Já lecionando, a vida do professor vira um grande dilema em vários sentidos. Se temos práticas de ensino mais tradicionais, somos chamados de ultrapassados, e dizem que não sabemos fazer aulas interessantes por não acompanharmos a modernidade. Mas se somos inovadores e aplicamos metodologias ativas ao ensino, somos acusados de não darmos aula “direito” e de abrirmos espaço para que ela seja uma “bagunça”.
Se somos muito rígidos e exigentes, somos tachados como carrascos e inflexíveis, podendo ganhar, inclusive, haters pela escola. Mas se somos muito acessíveis e compreensíveis, vão nos chamar de permissivos, de “amiguinho” de aluno que não tem o controle da turma e o respeito dos estudantes.
Se somos engajados em causas importantes e propomos aulas que estimulam o senso crítico e o olhar questionador dos estudantes, recebemos o título de doutrinadores. No lado oposto, se não enriquecemos as aulas com temas do cotidiano e não relacionamos o conteúdo trabalhado à vida real, chamam nossas aulas de vazias, sem sentido e sem valor agregado.
Na vida pessoal
Até mesmo a vida para além dos muros da escola tem seus dilemas se você é um professor. Se criamos perfis em redes sociais, vivenciamos grandes impasses: deixar ou não deixar público? Postar ou não postar o que quero? Ser ou não ser o que sou? Somos sempre observados por estudantes, familiares, colegas de trabalho ou gestores em nossas ações. É como se fôssemos artistas famosos, sempre vigiados, mas sem o glamour e a remuneração da fama.

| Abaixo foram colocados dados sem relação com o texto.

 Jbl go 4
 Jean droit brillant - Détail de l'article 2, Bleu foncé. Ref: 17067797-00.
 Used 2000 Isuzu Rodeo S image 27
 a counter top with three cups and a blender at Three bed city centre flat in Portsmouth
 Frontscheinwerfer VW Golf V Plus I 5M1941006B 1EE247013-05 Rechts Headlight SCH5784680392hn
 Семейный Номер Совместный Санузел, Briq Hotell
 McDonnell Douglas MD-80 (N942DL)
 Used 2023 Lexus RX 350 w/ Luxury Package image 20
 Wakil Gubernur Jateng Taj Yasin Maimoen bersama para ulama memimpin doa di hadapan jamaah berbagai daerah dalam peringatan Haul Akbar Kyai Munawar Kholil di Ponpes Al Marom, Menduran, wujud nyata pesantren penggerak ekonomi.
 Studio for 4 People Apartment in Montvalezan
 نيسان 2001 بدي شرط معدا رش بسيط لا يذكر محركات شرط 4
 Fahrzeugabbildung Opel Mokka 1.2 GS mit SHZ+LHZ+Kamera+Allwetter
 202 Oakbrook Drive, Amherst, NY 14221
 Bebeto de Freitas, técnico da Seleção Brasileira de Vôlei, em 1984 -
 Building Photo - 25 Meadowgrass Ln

Quando vivemos violências nas escolas, temos de ter uma inteligência emocional de seres altamente evoluídos. Um único gesto mal calculado ou uma reação mais espontânea a uma violência são suficientes para nos tirarem do papel de vítimas e nos estamparem nas capas dos jornais como desequilibrados e uma vergonha para a educação. E não adianta ter tido uma linda caminhada de doação e entrega ao sistema educacional, isso não vai lhe dar imunidade se você cometer alguma falha. Não há anistia se você é professor e comete um erro. Nós somos julgados, punidos, demitidos. Claro que não estou aqui defendendo pagar violência com violência, só estou dizendo que a régua que julga um professor é sempre diferente, pendendo mais para a forca.
Passamos tanto tempo exercendo o papel de educadores, que, muitas vezes, temos dificuldade de nos desvencilhar do “personagem” e acabamos sendo professores 24 horas por dia. Muitas vezes dedicamos mais tempo dando a nossa melhor versão para os filhos dos outros do que para os nossos próprios filhos. Outro impasse vivido por quem ousa ter vida para além da sala de aula.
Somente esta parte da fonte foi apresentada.